With the recent entry of Russian forces into Ukrainian territory, tensions have been at an all-time high. Members of NATO (North Atlantic Treaty Organization) have spoken out against the Russian government, and the two opposing sides have readied themselves for the possibility of conflict in the near future. With the recent violence taking place, many wonder if a potential world war is in the conversation. 

The buildup of Russian forces outside of Ukraine has been occurring for several years now. The first Ukrainian territory annexed by Russia was Crimea, about eight years ago. Over the past months, the threat of invasion has become more and more imminent, as forces surrounded Ukraine’s borders from both Russia and Belarus. As of February 24th, that threat turned into a reality. Russian troops entered Ukraine, swiftly moving through its territory. Bombs were fired in Ukraine’s capital city of Kyiv, as well as in other major cities, causing an alarming number of casualties. Russian President Vladimir Putin has proven himself to be the aggressor in the conflict, stating that any country that tries to oppose Russian forces would face penalties “so severe that no foreign nations have ever experienced it before.”

Meanwhile, the other side of the conflict has taken the diplomatic approach. Members of NATO criticized the Russian government while sending aid to Ukraine. Recently, the United States and the United Kingdom both announced major economic sanctions designed to severely hurt the Russian economy. President Joe Biden has also decided to move US troops to the allied nations of Germany and Poland.
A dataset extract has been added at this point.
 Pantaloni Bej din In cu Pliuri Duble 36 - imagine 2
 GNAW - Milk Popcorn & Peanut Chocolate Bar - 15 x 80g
A current issue of the situation is that Ukraine is not a member of NATO. The fundamental principle of the NATO alliance is that if any member were to fall victim to invasion, the other members would go and help them. Because Ukraine is not a member, help in the fight against Russia has mostly been in the form of supply shipments rather than military power to fend the attackers off. Ironically, the main reason Ukraine didn’t join NATO was that Russia wanted to limit NATO’s eastern spread.

So how would a possible world war evolve from the current situation? I see two major possibilities that would lead towards a greater global conflict. While nothing is guaranteed, it’s best that we stay updated and ready for any changes in the future.


Scenario One: Russian Force Overload

Although the Russian invasion of Ukraine has been aggressive, the true motives of Putin have not been revealed. What he hopes to accomplish is unknown, leading to many different directions that Russia can follow. In this scenario, Russia would continue to search for territory beyond Ukraine by invading other countries, causing necessary intervention from the rest of the world. This could involve any of the Baltic countries (Lithuania, Latvia, Estonia), the South Caucasus Region (Georgia, Armenia, Azerbaijan), or other territories that could fall victim to Putin’s hungry search for power. Another possibility for this scenario would be the diplomatic annexation of countries into Russia. Some countries like Kazakhstan, Kyrgyzstan, and Belarus (many former parts of the U.S.S.R.) have shown full support towards Russia’s invasion. Joining Russia as a unified state is a far stretch, but the last few weeks have revealed that anything is possible.


Scenario Two: Inspired Conflict

This scenario revolves around the idea of conflict sprouting in other areas of the world as a result of the invasion of Ukraine. As of late, many regions around the world have been in conflict, many of which were dangerously close to combat. This could include international conflicts between nations such as Taiwan and China, India and Pakistan, and more. Further war could also stem from domestic-based conflicts such as the conflict between Israel and Palestine, or even the wave of civil war/civil unrest plaguing Africa (Nigeria, Somalia, D.R. Congo, Ethiopia, etc.) and the Middle East (Yemen, Syria, Iraq, etc.). If smaller conflicts evolve into larger conflicts as we saw in Ukraine, there is potential for greater global violence.


While the idea of a larger-scale war in the world is theoretical, it is not impossible, and we must all stay safe and aware of what is happening around the world.